Before taking the city bus for the first time, I was scared. How much does it cost and what if you don’t have exact change and what are those green cards everyone else seems to be holding and oh crap what about that scanner thingie? Etcetera.
“Help. This is my first time ever on the bus,” I said once onboard. The driver and everyone who heard me looked up and smiled. “Hello!” “Welcome!” “Congratulations!” They showed me how to pay, asked where I was going, showed me how to pull the stop cord.
Giving up and admitting my cluelessness like that changed me, relaxed me. Help. I have no idea what I’m doing.

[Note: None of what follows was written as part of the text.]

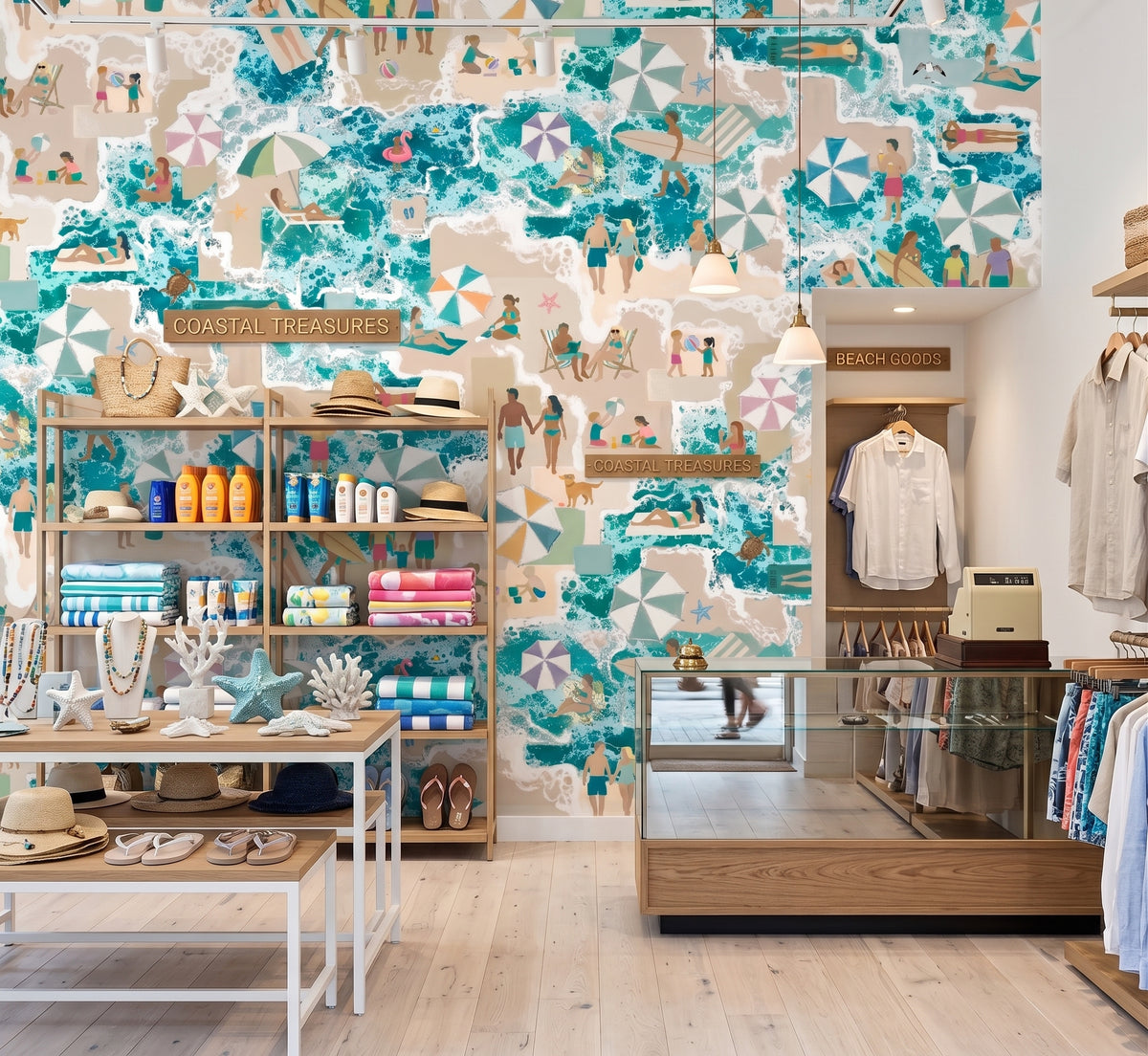 Asbury Seafoam coastal wallcovering installed in a light-filled coastal interior with seafoam walls and natural furnishings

When I read this poem I thought of that long-ago ride bus ride.
Hanging out with musicians, still in my suit, by Tom Sastry
He said fucking and that was important:
“We’re all fucking broken.”
He said it gently
like a priest, soothing the smart of sin.

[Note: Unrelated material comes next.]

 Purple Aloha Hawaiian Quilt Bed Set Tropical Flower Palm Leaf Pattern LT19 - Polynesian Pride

I hadn’t heard about it before
this shared brokenness
and it was new to me, this idea
that being in pieces could bring us together
so my mind worked through all the things he might mean
and
like the fourteen-stone word-association machine that I am
I remembered all the world’s once-complete, now-shattered things
until I couldn’t get it out of my head
that we were broken like jigsaws
fucking broken like fucking jigsaws
and it felt right and wise and true.